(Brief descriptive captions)
++++++++++
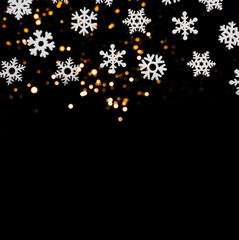 Wall Mural - new year's black color background snowflakes and glitters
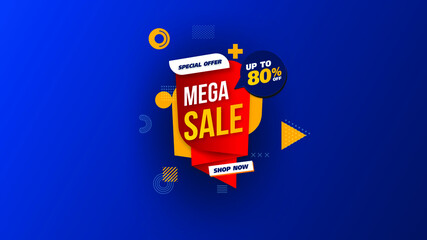 Sale banner template design with geometric background , Big sale special offer up to 80% off. Super Sale, end of season special offer banner. vector illustration.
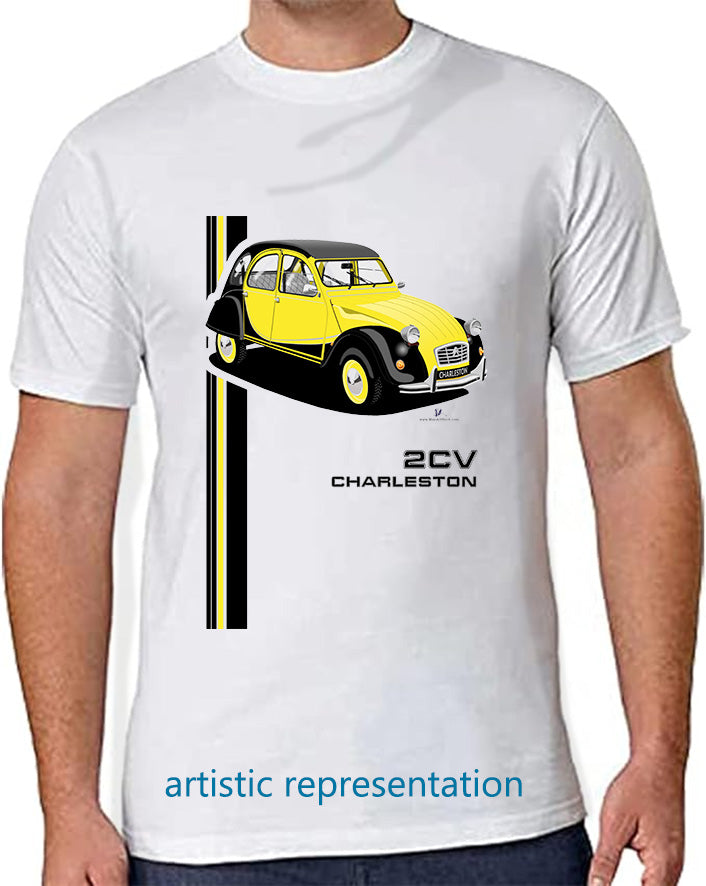 Citroen 2CV Charleston Black & Yellow Art T Shirt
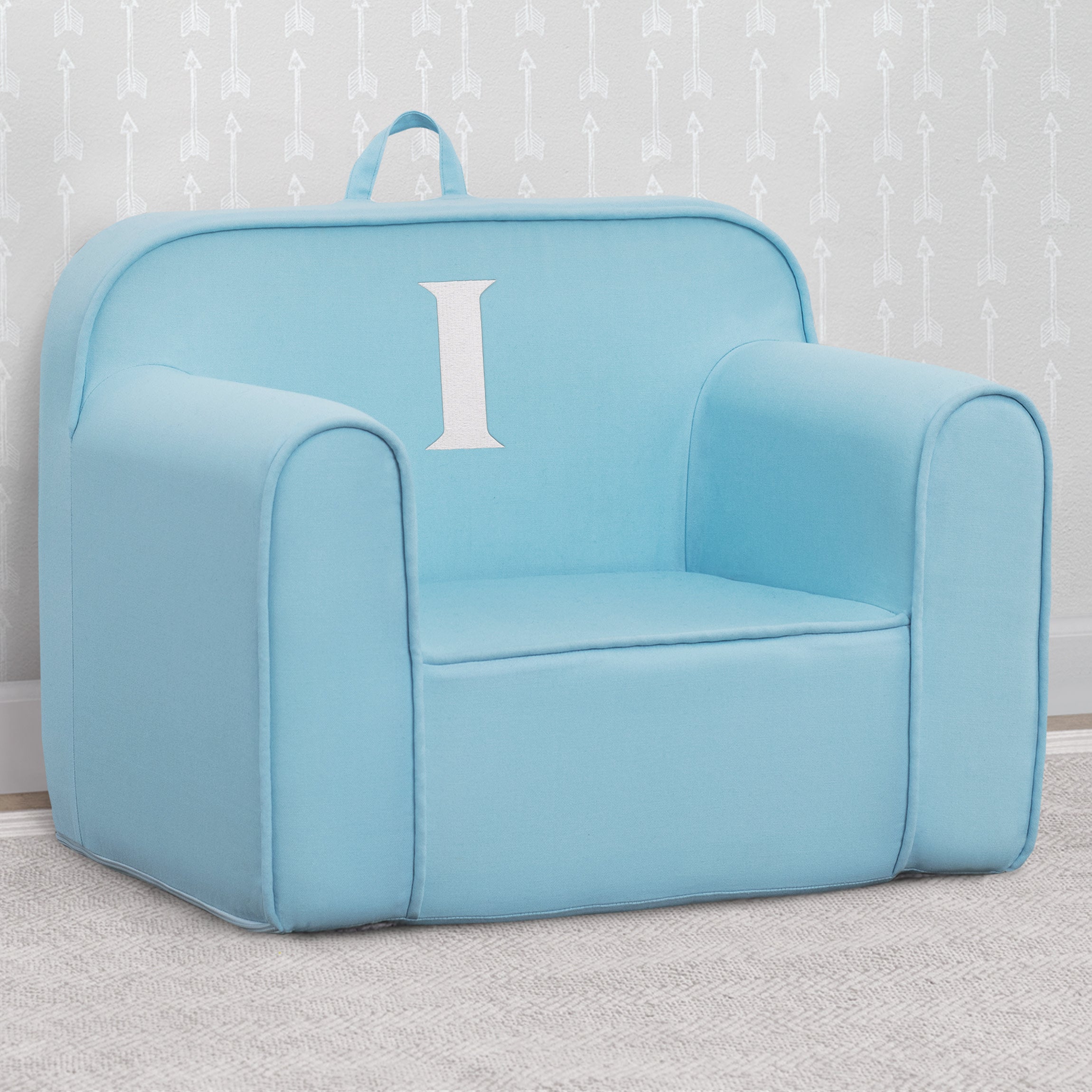 Personalized Monogram Light Blue Cozee Chair - Custom Plush Recliner for Living Room, Nursery & Office - Cozy Reading & Relaxation Seat
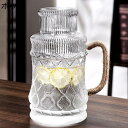 ガラス麦茶ポット 2.2L ウォーターピッチャー ヴィンテージ 冷蔵庫ポット 直火対応 広口デザイン 耐熱 耐冷 大容量 透明 冷水筒 麦茶 花茶 ジャグ ドリンクタンク 水差し 寝室 ナイトスタンド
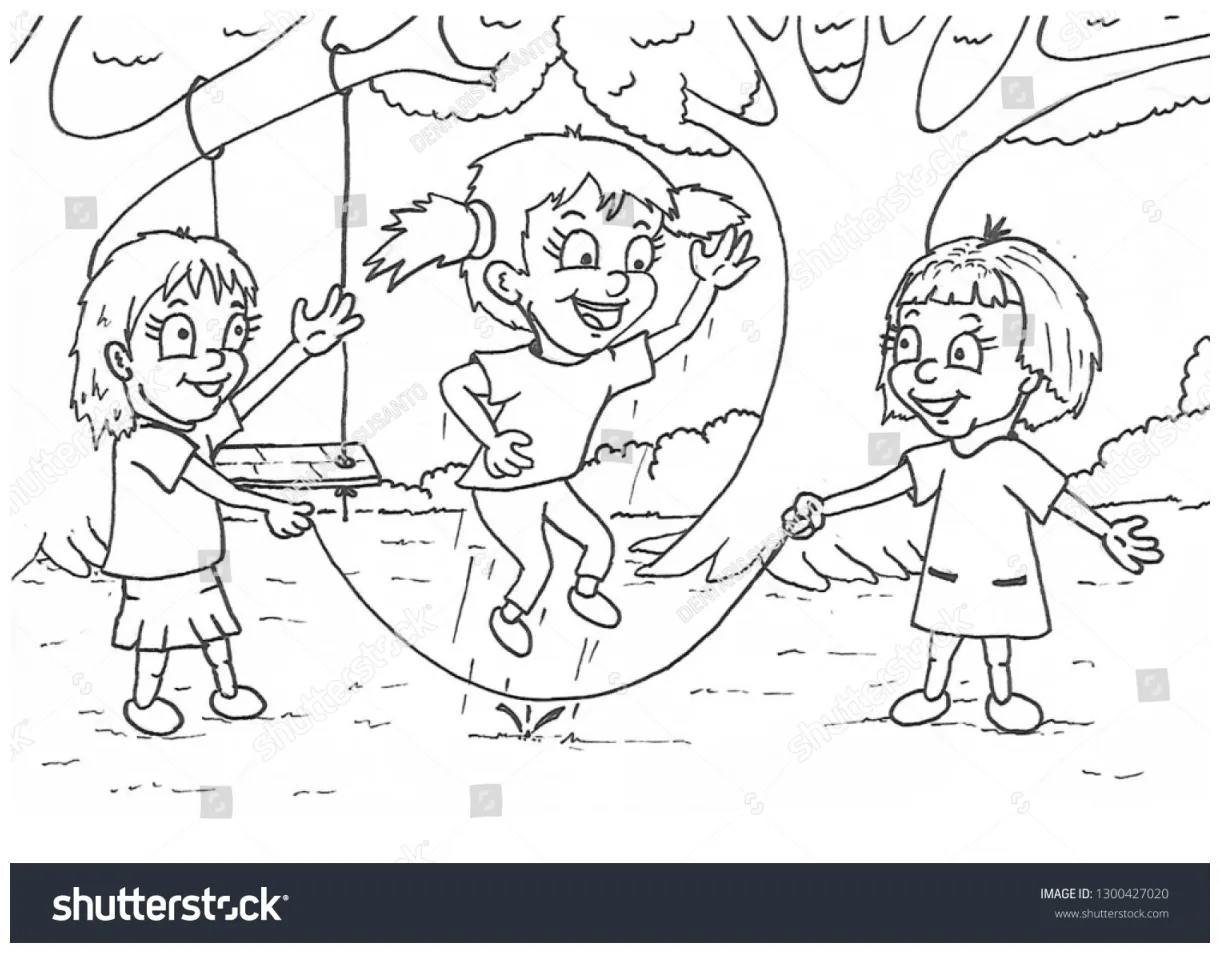 Jump rope coloring page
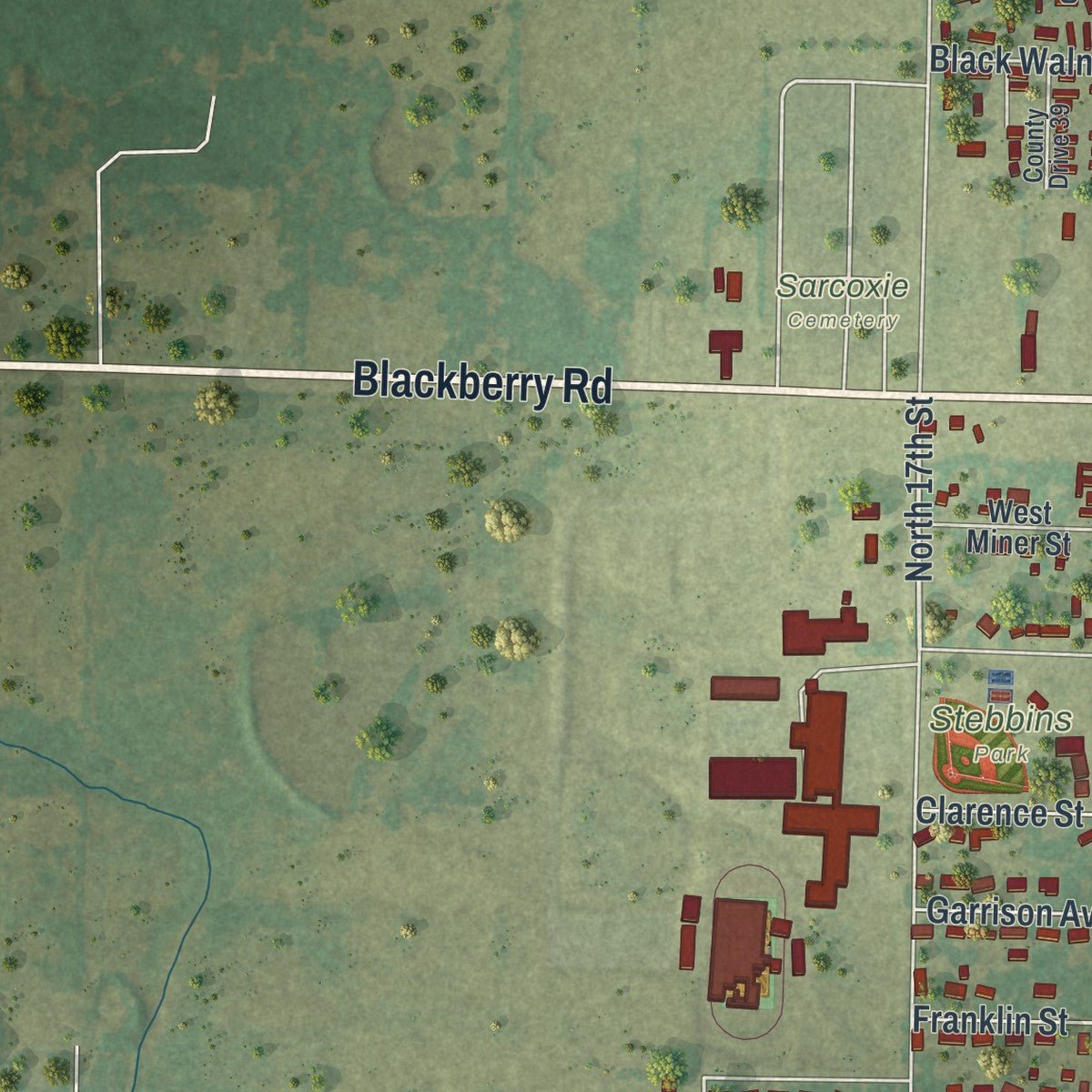 Second close-up of the map of Sarcoxie, Missouri print showing more streets and buildings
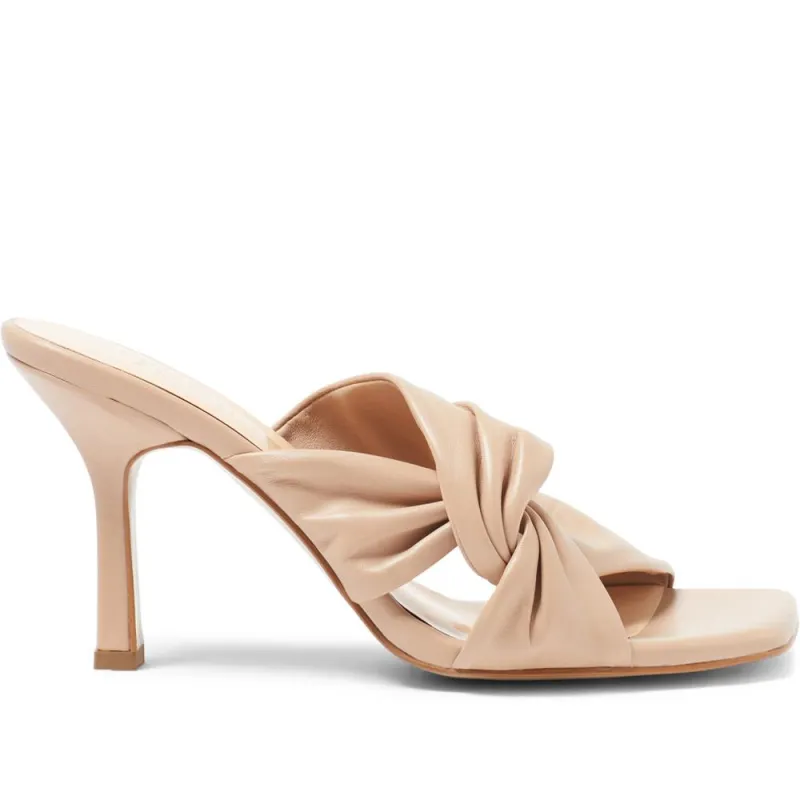 Leather Mule Heels - BLAKELY / 324 026 - Nude sold by Jones Bootmaker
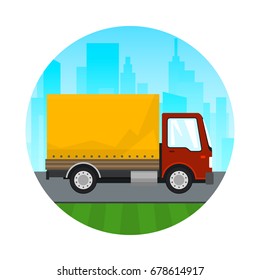 Transportation and Cargo Services, Icon Red Orange Cargo Delivery Truck on the Background of the City, Shipping and Freight of Goods, Vector Illustration 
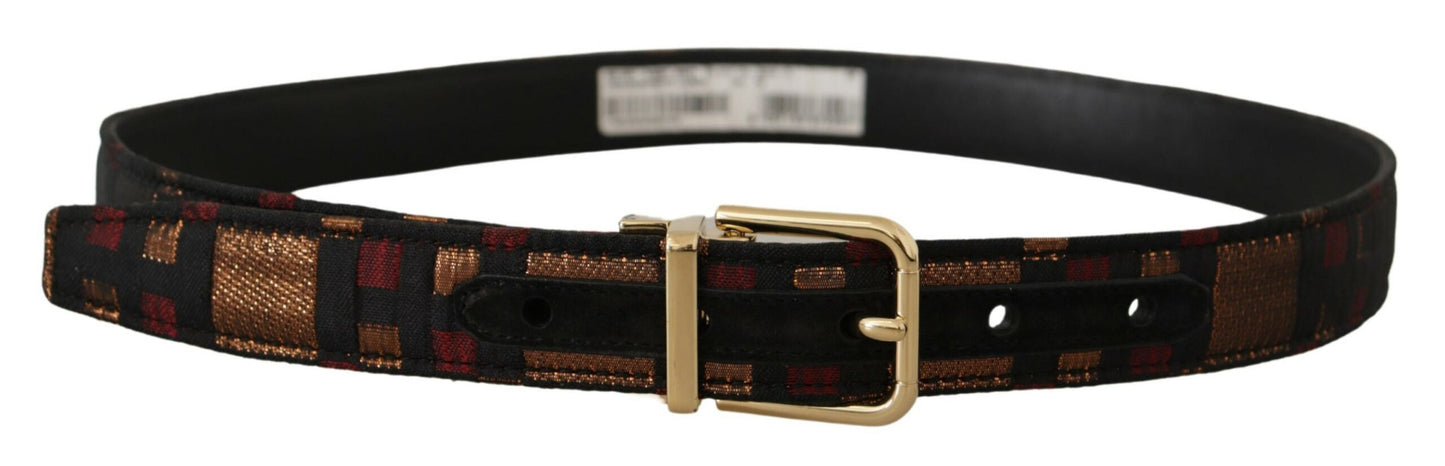 Ceinture Dolce &amp; Gabbana en cuir jacquard multicolore avec boucle en métal doré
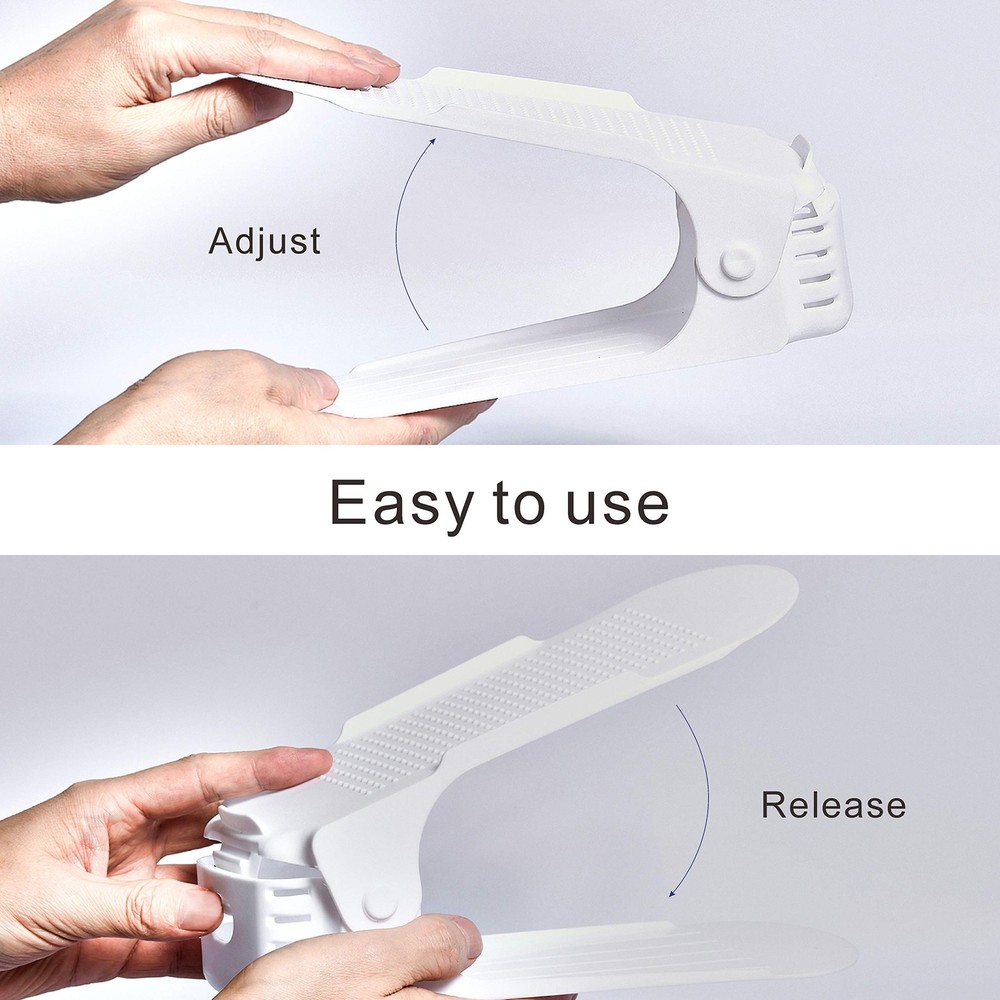 Shoe Slots Organizer, 12PCS Adjustable Double Layer Stack Shoe Rack, 50% Spac...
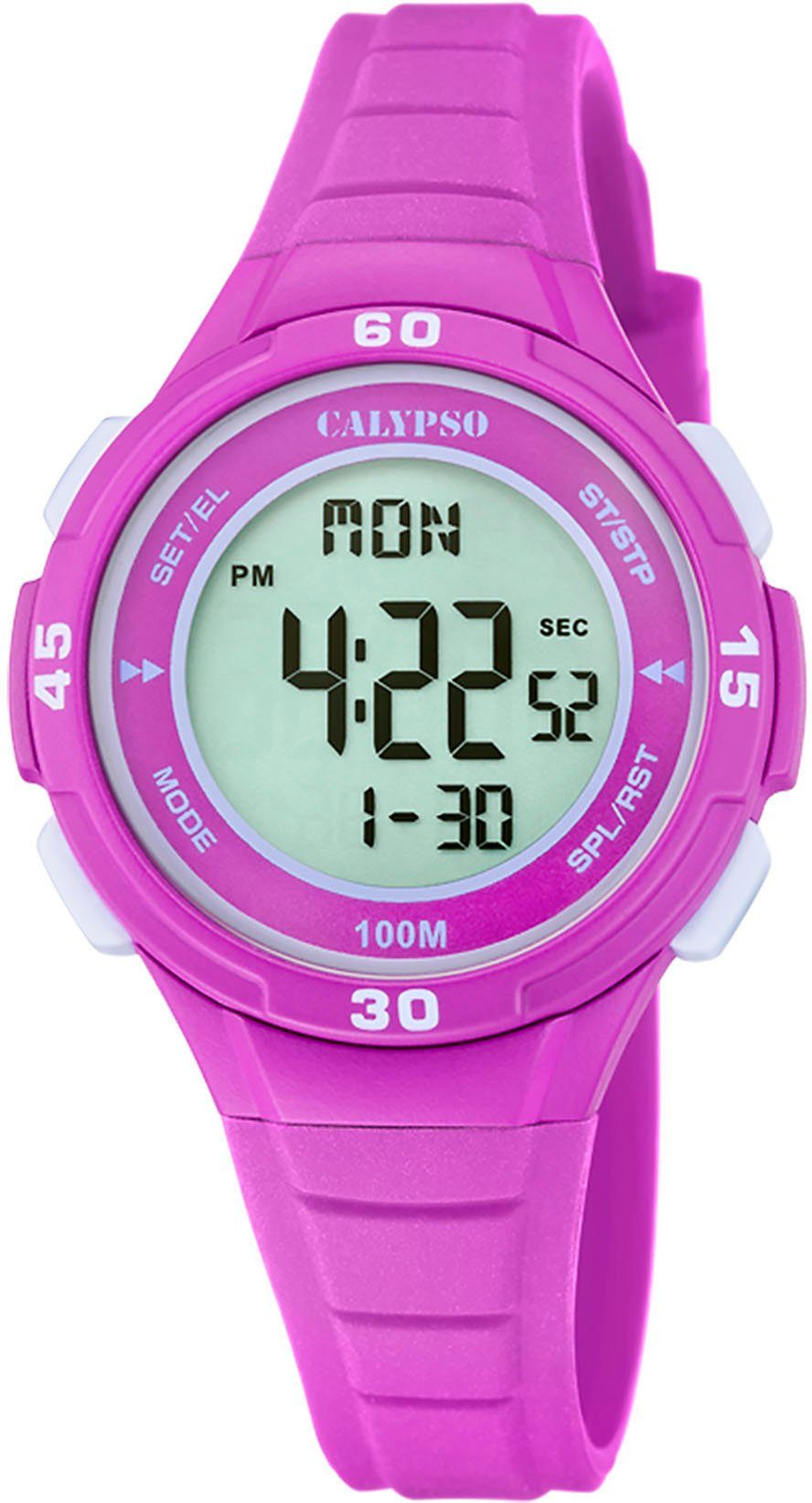 CALYPSO WATCHES Chronograaf Junior Collection Quartz horloge, kinderhorloge, datum, digitaal, stopwatchfunctie, ideaal als cadeau heren accessoires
++++++++++
• Directions: Between and including the line above that contains "Personalized Monogram Light" and the line that contains "Second close-up of", restate every line word for word. Pictures stay out.

• Expected answer:
 Personalized Monogram Light Blue Cozee Chair - Custom Plush Recliner for Living Room, Nursery & Office - Cozy Reading & Relaxation Seat
 ガラス麦茶ポット 2.2L ウォーターピッチャー ヴィンテージ 冷蔵庫ポット 直火対応 広口デザイン 耐熱 耐冷 大容量 透明 冷水筒 麦茶 花茶 ジャグ ドリンクタンク 水差し 寝室 ナイトスタンド
 Jump rope coloring page
 Second close-up of the map of Sarcoxie, Missouri print showing more streets and buildings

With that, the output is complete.